Review of Hellhole

Hellhole (1985)
6/10
I'm living in a hell hole, Don't want to stay in this hell hole, Don't want to die in this hell hole, Girl, get me out of this hell hole.
14 June 2020
In Hellhole's pre-credits sequence, the mother of busty blonde Susan (Judy Landers) is insistent that her daughter takes a shower; mother clearly knows what kind of trashy film this is and exactly what the viewer wants, but Susan doesn't seem to understand, her ablutions proceeding without any sign of nudity.

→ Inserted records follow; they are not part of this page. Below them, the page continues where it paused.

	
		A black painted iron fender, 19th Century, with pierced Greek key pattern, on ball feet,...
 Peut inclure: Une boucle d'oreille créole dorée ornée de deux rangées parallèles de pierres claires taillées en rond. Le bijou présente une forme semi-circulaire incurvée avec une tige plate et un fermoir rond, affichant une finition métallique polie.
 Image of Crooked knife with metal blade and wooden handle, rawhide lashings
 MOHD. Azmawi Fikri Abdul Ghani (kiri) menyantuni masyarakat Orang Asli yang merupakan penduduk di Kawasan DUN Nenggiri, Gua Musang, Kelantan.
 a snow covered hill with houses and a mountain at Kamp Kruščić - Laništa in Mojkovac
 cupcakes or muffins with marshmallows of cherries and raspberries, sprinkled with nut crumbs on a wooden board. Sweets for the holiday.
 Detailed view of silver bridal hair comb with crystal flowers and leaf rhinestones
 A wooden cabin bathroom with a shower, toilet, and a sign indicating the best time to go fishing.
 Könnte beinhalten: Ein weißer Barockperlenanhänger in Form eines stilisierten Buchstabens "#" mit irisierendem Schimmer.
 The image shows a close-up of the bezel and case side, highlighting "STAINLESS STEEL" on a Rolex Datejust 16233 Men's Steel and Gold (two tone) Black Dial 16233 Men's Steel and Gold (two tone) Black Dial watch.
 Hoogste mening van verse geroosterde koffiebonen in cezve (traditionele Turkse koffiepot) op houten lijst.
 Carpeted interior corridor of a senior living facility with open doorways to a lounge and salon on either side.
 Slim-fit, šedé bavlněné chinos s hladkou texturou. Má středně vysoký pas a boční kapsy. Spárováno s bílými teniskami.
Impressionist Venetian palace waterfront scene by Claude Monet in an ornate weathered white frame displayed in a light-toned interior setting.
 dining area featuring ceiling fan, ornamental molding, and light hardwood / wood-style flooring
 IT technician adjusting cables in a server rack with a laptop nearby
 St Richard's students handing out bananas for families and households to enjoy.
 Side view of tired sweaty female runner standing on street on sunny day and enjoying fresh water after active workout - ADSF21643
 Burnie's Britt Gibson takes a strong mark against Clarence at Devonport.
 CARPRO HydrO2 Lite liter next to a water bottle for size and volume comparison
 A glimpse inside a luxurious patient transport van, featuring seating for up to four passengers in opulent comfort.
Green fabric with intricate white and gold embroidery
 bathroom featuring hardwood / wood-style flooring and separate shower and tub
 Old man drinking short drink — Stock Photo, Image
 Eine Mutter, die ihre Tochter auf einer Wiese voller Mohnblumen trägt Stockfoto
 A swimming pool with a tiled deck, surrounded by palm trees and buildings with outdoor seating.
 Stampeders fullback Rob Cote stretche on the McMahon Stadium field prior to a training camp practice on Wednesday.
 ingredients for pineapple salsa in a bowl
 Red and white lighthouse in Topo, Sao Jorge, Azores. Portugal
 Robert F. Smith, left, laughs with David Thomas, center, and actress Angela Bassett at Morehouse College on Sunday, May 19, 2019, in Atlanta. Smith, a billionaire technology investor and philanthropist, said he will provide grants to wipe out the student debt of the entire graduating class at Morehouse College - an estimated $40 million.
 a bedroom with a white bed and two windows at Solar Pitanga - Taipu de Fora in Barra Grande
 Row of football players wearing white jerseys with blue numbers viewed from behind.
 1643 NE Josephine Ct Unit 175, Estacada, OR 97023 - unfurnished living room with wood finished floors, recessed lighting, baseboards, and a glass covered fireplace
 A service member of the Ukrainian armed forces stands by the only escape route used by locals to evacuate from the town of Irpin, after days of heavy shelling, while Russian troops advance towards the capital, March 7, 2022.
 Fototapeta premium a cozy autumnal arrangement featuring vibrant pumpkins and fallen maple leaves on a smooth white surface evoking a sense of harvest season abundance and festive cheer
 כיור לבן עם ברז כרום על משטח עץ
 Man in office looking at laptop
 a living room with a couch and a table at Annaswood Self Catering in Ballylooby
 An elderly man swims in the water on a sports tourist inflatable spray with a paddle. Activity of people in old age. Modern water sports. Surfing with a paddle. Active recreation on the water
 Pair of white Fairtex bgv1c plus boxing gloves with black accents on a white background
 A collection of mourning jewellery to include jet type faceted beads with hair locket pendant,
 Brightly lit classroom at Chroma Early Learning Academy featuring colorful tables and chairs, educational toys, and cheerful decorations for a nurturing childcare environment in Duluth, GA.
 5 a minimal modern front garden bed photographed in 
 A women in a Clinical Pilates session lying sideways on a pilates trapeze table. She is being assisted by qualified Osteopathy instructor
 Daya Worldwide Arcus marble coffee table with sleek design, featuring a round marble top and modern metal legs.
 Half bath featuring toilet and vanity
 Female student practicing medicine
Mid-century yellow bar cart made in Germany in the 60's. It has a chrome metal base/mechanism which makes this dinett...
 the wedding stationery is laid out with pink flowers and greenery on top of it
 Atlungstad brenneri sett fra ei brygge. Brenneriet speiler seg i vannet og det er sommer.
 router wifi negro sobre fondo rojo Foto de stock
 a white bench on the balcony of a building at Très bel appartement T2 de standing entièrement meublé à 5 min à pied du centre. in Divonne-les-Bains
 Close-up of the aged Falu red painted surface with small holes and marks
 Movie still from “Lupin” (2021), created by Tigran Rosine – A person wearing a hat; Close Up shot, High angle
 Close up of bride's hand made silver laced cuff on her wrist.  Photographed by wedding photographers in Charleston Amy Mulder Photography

Somehow, Susan remains fully clothed throughout the entirety of this film, even after she is carted off to Ashland Sanitarium for Women, where almost every other patient is good-looking and frequently naked. Susan is taken to the institution suffering from amnesia after a serious fall following the murder of her mother by vicious thug Silk (Ray Sharkey, who looks like he has just sauntered out of the Blue Oyster Bar). Silk is looking for hidden papers that can incriminate his boss Dr. Monroe (Martin Beck), and believing that Susan knows their whereabouts, he takes a job as an orderly at the sanitarium.

But Silk isn't the only danger at Ashland: troublesome patients are sent to the Hellhole, where wicked lesbian Dr. Fletcher (Mary Woronov) uses them for her lobotomy experiments. Will nice-guy orderly Ron Stevens (Richard Cox) be able to prevent Susan from being Silk's next victim or becoming a drooling zombie at the hands of Fletcher?

Judy Landers fans hoping for the actress to show some skin might be disappointed by her reluctance to strip, but anyone into cult/trash films will still find much to enjoy about this sleazy little B-movie, the film including most of the ingredients to be found in similar women-in-prison films: we get catfights, communal showers, drug-taking lesbians, crazed lobotomy patients, and even a gratuitous mud bath scene, lucky Silk slipping into the muddy tub with two naked hotties ("Double the pleasure, double the fun, a mud bath with two broads is better than one"), proving that you shouldn't judge a man by his leather-boy outfit.

The film also introduces us to the inimitable Robert Z'Dar as a vicious guard, stars Marjoe Gortner as Fletcher's partner in crime, and features exploitation favourite Dyanne Thorne (Ilsa, She Wolf of the SS) as a patient who looks like Cruella DeVille. All that's missing is a decent plot, quality acting and a competent director, but since when were they necessary for a good time?